Figure out which device on the OSD nodes will host the OSD storage. On the c220g5s, sda4 would not work. The guess is because it's a partition. Ceph wants total control of a whole device. So, for c220g5s, we're using sdb, the 1T HDD. Some CloudLab nodes will have the 500GB SSD as a whole device. In which case, try using those instead.
# from client0:~/cluster
# do the following for every OSD node in the cluster
env/bin/ceph-deploy osd create osd0:/dev/sdb ; #if you're working with more than 1 OSD, list them here like osd0:<device path> osd1:<device path> ... osdN:<device path>
- Spin up an admin.
# from client0:~/cluster
env/bin/ceph-deploy admin client0 ;
sudo chmod a+r /etc/ceph/ceph.client.admin.keyring ;
ceph osd set noscrub ; #optional. this will trigger status warnings.
ceph osd set nodeep-scrub ; #optional. this will trigger status warnings.
- Make sure the OSDs have the config files.
# from client0:~/cluster
env/bin/ceph-deploy config push osd0 ; #if you're working with more than 1 osd, list them here like osd0 osd1 ... osdN
- Spin up a mgr to get rid of status warnings.
# from client0:~/cluster
env/bin/ceph-deploy mgr create client0 ;
- Create a test pool with the appropriate number of placement groups. (see [https://ceph.com/pgcalc/])
# from client0:~/cluster
ceph osd pool create testpool 64 64 replicated ; #or rados mkpool testpool
ceph osd pool set testpool size 1 ; #need to set the size
- Associate an application with every pool to get rid of status warnings.
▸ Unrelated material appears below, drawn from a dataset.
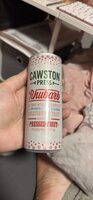 Rhubarb Sparkling Juice Drink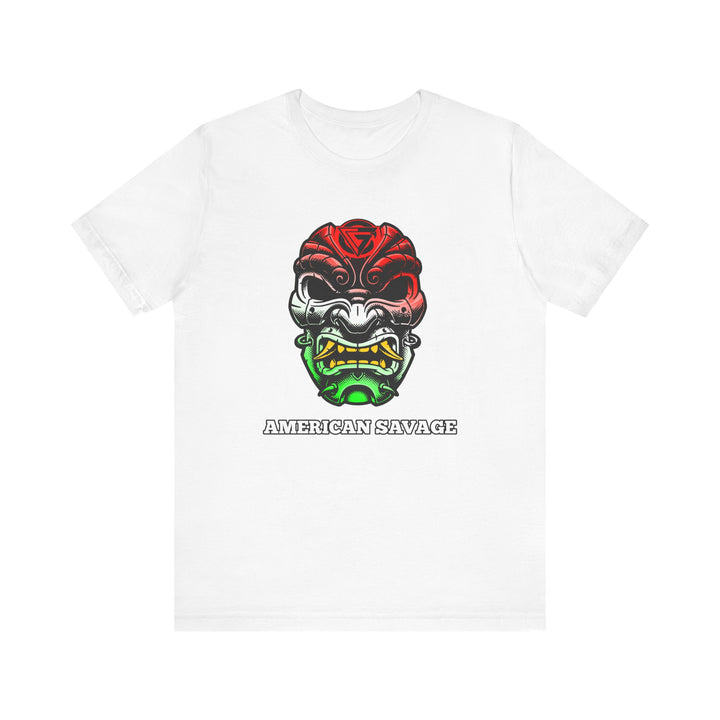 SAMURAI MAC RED WHITE GREEN FADE /AMERICAN SAVAGE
ceph osd pool application enable testpool mytest ;
- Try adding objects to the pool.
rados -p testpool put testobj0 /proj/skyhook-PG0/kat_stuff/dataset_obj_v_file_100mb.txt ;
rados -p testpool put testobj1 /proj/skyhook-PG0/kat_stuff/dataset_obj_v_file_100mb.txt ;
rados -p testpool put testobj2 /proj/skyhook-PG0/kat_stuff/dataset_obj_v_file_100mb.txt ;
example results:
kat@client0:~/cluster$ ceph -s
2019-06-02 17:07:45.143254 7f52d45f0700 -1 WARNING: all dangerous and experimental features are enabled.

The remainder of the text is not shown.